Double integral over the area of a square

[chrisy2012]

Homework Statement

Find the area of a square with each side measuring 1 using double integral and change of euclidean coordinates to polar coordinate.

Homework Equations

x=rcosθ
y=rsin0
dA=dxdy=rdrdθ

The Attempt at a Solution

int(int(rdr)dθ)

 

[DryRun]

Is that the entire question? Have you been given a graph? Without knowing the coordinates of at least one corner of the square, you can't determine its limits, hence you can't evaluate the area.

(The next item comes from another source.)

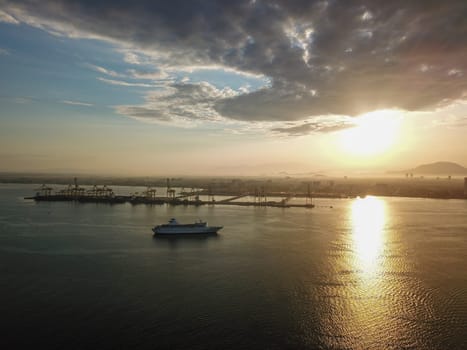 Georgetown, Penang/Malaysia - Feb 28 2020: Cruise ship at the sea of Penang.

Unless, the answer is to be given in terms of r and θ?

 

[tiny-tim]

hi chrisy2012!

(have an integral: ∫ )

int(int(rdr)dθ)

yup! … but what are the limits?

(sharks, we can choose the origin wherever we like )

 

[HallsofIvy]

A "square" does not automatically have a coordinate system associated with it. So you have to be given the coordinates for at least some of the corners of the square.

For example, if one corner is at (0, 0) and another at (a, 0), then the other two are at (a, a) and (0, a). But you are still not going to have a smooth formula in polar coordinates. The line x= a becomes $rcos(\theta)= a$ or $r= a sec(\theta)$. Of course, $\theta= 0$ along the line y= 0 and $\theta= \pi/2$ at (a, a) so the first integral would be
$$\int_{\theta= 0}^{\theta/4}\int_{r= 0}^{asec(\theta)} f(r,\theta)rdrd\theta$$.

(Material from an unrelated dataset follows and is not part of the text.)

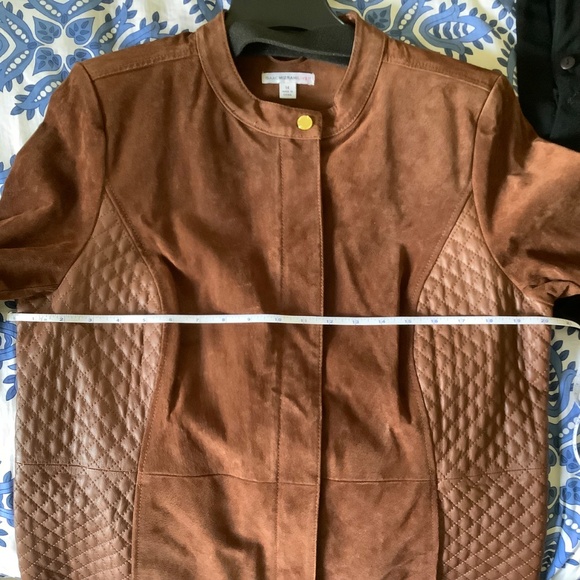 Isaac Mizrahi Suede & Lamb LeatherJacket w/ Quilted Details Saddle Brown SZ 14 - Picture 16 of 16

The second half would along the top line, y= a so $r sin(\theta)= a$ or $r= a csc(\theta)$ and that extends from $\theta= \pi/4$ to $3\pi/4$.

Or you could choose a coordinate system so that the origin is at the center of the square. That might simplify the values but now, because you have to pass include all four corners so you will need four separate integrals.

 

[DryRun]

A "square" does not automatically have a coordinate system associated with it. So you have to be given the coordinates for at least some of the corners of the square.

For example, if one corner is at (0, 0) and another at (a, 0), then the other two are at (a, a) and (0, a). But you are still not going to have a smooth formula in polar coordinates. The line x= a becomes $rcos(\theta)= a$ or $r= a sec(\theta)$. Of course, $\theta= 0$ along the line y= 0 and $\theta= \pi/2$ at (a, a) so the first integral would be
$$\int_{\theta= 0}^{\theta/4}\int_{r= 0}^{asec(\theta)} f(r,\theta)rdrd\theta$$.

The second half would along the top line, y= a so $r sin(\theta)= a$ or $r= a csc(\theta)$ and that extends from $\theta= \pi/4$ to $3\pi/4$.

Or you could choose a coordinate system so that the origin is at the center of the square. That might simplify the values but now, because you have to pass include all four corners so you will need four separate integrals.

I didn't realize that we required the sum of 2 double integrals for a square expressed in terms of polar coordinates.

Suppose the square has the following Euclidean coordinates: (0,0), (1,0), (1,1) and (0,1). I've attached the graph to this post.

The area of the square in terms of Euclidean coordinates is the double integral:
$$\int^{y=1}_{y=0} \int^{x=1}_{x=0} dxdy$$
Originally, i thought of converting the limits and dxdy directly into their respective polar forms, but i realize now that it would have been wrong.

The second half would along the top line, y= a so $r sin(\theta)= a$ or $r= a csc(\theta)$ and that extends from $\theta= \pi/4$ to $3\pi/4$.

I think that's wrong. For the second half, $\theta$ varies from $\frac{\pi}{4}$ to $\frac{\pi}{2}$.

Also, instead of calculating the double integral for the second half and then adding to the double integral for the first half, why not simply write the total area like this:
$$2\int_{\theta= 0}^{\theta=\frac{\pi}{4}}\int_{r= 0}^{r=asec(\theta)} f(r,\theta)\,.rdrd\theta$$

 

[berkeman]

Please remember that this is a schoolwork questsion, and the OP has shown zero effort so far. We should not be doing his homework for him...

 

[chrisy2012]

Thanks for the reply guys, I asked the TA today and she says you have to divide it up into two identical triangles. so the answer would be
∫ 0 to ∏/4 of ( ∫ 0 to secθ (rdr))dθ
which would equal to 1/2.
But since there are two of the triangles the area would equate to 1. So it all works out :)